Je coupais aussitôt l’appareil, ce qui apporta un certain soulagement sur son visage. Elle m’expliqua aussitôt la cause de son attitude.

– Les Barsoomiens ont horreur des sons discordants et des vociférations. Les seuls bruits qu’ils aiment sont ceux des évolutions martiales : le heurt des armes entrechoquées, ou encore la collision entre deux puissants vaisseaux aériens de combat. Il n’y a pas de plus belle musique pour nous que celle-là !

– Il est exact que vous appartenez à un peuple de guerriers. Mais peut-être pourriez-vous m’expliquer les raisons qui poussent à rejeter la paix ?

– Absolument pas !, dit-elle en tapant du pied sur le sol. Nous aimons tous la paix : la paix dans l’honneur. Mais nos voisins ne nous permettent pas de l’avoir, si bien que nous sommes obligés de nous battre. Et pour bien se battre, les hommes doivent aimer cela. Et pour aimer cela, ils doivent savoir se battre, car personne n’aime faire ce qu’il ne fait pas bien, ou ce qu’un autre homme fait mieux que lui. Si bien qu’il y aura toujours des guerres.

– Si je comprends bien, vous ne faites la guerre que par nécessité. Mais en examinant les faits que votre père a relatés à Edgar Rice Burroughs, j’ai observé que les conflits qu’a connus votre planète avaient souvent pour enjeu certaines personnes, votre mère le plus souvent.

– Elle ne fut pas la seule personne qui fut cause de guerre ! Certes, ma mère en sa faveur arma Hélium tout entier.
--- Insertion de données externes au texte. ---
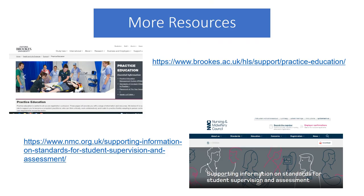There are more resources on the Brookes website related to practice assessment, and further resources are available on the NMC professional body websites.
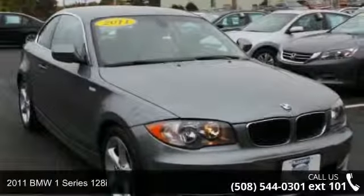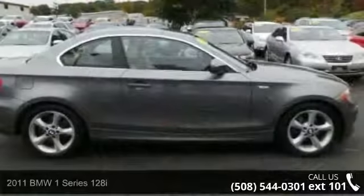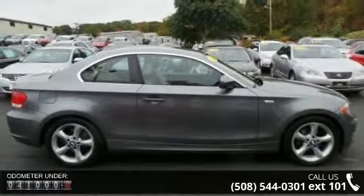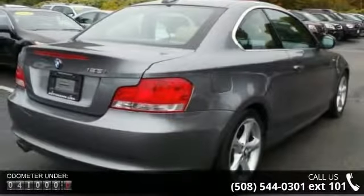Check out this 2011 BMW 1 Series 128i. If you are looking for a first-class ride, you have found it. This vehicle comes with a reliable six-cylinder engine connected to a smooth shifting automatic transmission.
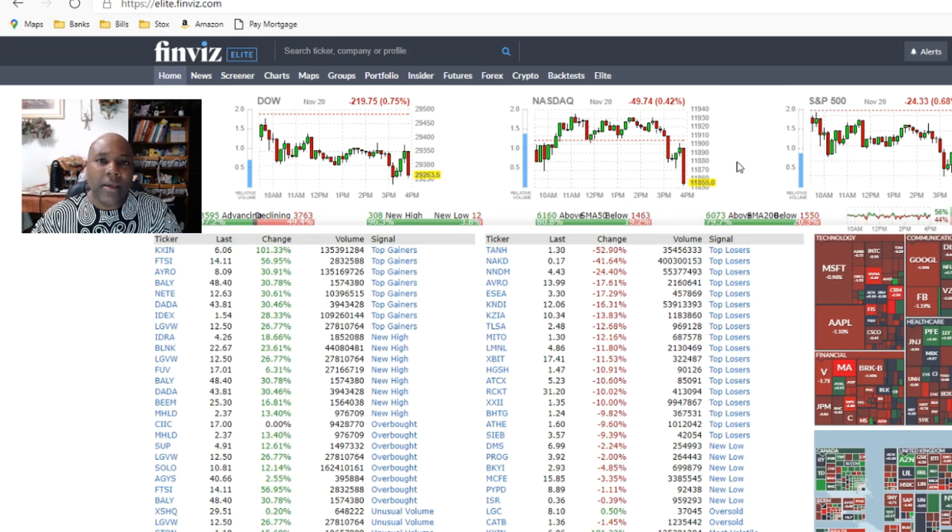Ladies and gentlemen, those big red candles at the end of the day mean that smart money — hedge funds, millionaire and billionaire investors — appear to be pulling money out of the stock market. People buying millions and millions of dollars worth of shares are the ones that move stock prices up and down, not you and definitely not me. When they pull their money out, if your money is in and theirs is out, yours is at risk and theirs is in the bank.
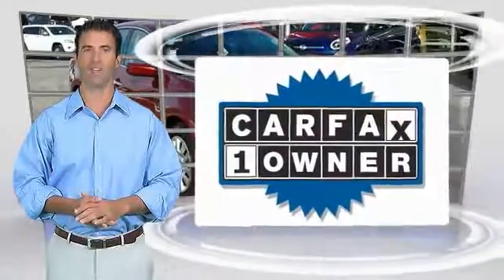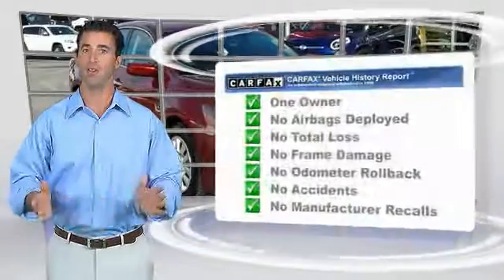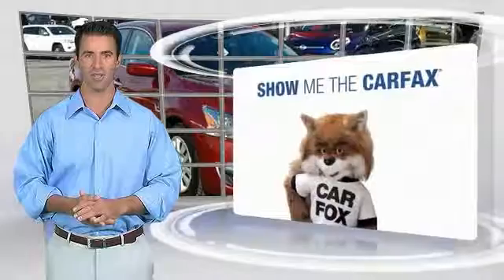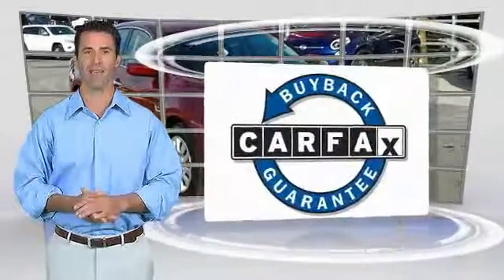This is a one-owner vehicle with the Carfax Vehicle History Report. Be sure to find a complimentary copy of this report online or contact the dealership. This vehicle qualifies for the Carfax Buy Back Guarantee.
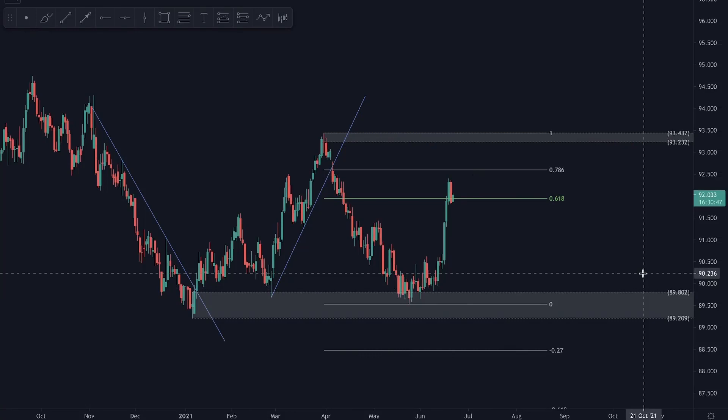Hey guys, good morning and welcome to a new daily market outlook. As per usual, I'm going to be discussing the DXY alongside the major dollar pairs and gold. Without further ado, let's dive straight in.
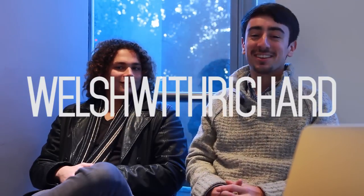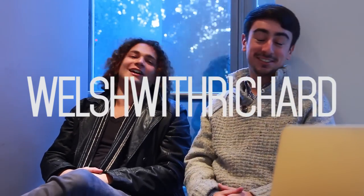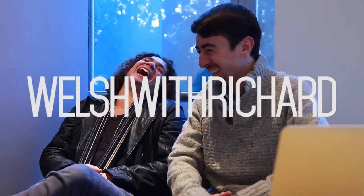Hello and welcome to Welsh with Richard and Alex. A croeso i'r Gymrae gyda Richard ac Alex.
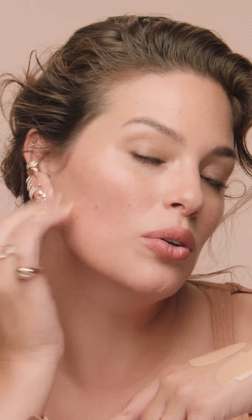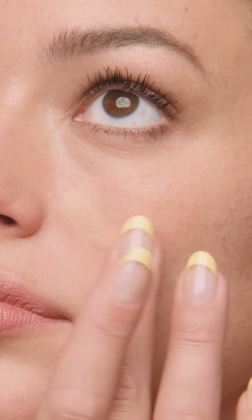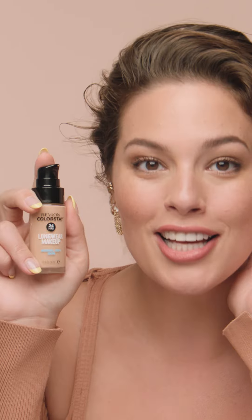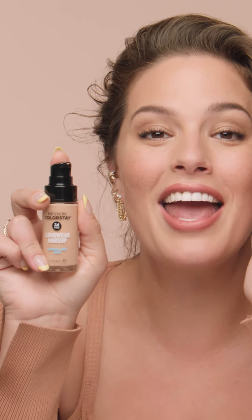Here we go, we'll put on a little bit. It even kind of gives you this gorgeous glow, which I think is so important for a flawless finish. It's not matte. Also, it comes in 44 different shades — it's truly a foundation that's made for everyone. And voila, a flawless finish. 24 hour long wear Revlon Colorstay. I am obsessed.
Ses yeux pour leur querelle virent périr vingt jeds qu’ils ne connaissaient pas. Ma disparition à moi fit partir toute une flotte pour châtier mes ravisseurs !

– En effet je me souviens que Burroughs a évoqué cette affaire. Mais ce que je n’ai pas compris, c’est pourquoi vous avez pris le risque de vous placer dans une situation si critique.

Tara d’Hélium se contenta de hausser les épaules et de répondre : « Parce que ! »

– Bien, pour en revenir à votre visite pourriez-vous m’indiquer….

– Je suis venu célébrer le célèbre auteur de Jasoom qui a très bien saisi les exploits de certains membres de ma famille, sans oublier celle de Ganal de Gathol, Ulysse Paxton, Tan Davron et Daj. Cependant mon devoir nécessite de mentionner l’erreur grossière de Burroughs concernant les données astronomiques !

D’ailleurs sur Jasoom il existait autrefois un écrivain de science-fiction nommé Arthur C. Clarke. Il a précisé que notre satellite Thuria que vous appelez Phobos est d’une taille apparente bien inférieure à celle de votre Lune. De plus il s’agit d’un des corps les plus sombres du système solaire.

Or le biographe de mon père a décrit avec emphase le spectacle de cette lune éclairant les nuits de Barsoom. J’espère que si un « spectacle filmé » illustrant les exploits de mon père est réalisé il ne répétera pas la même erreur.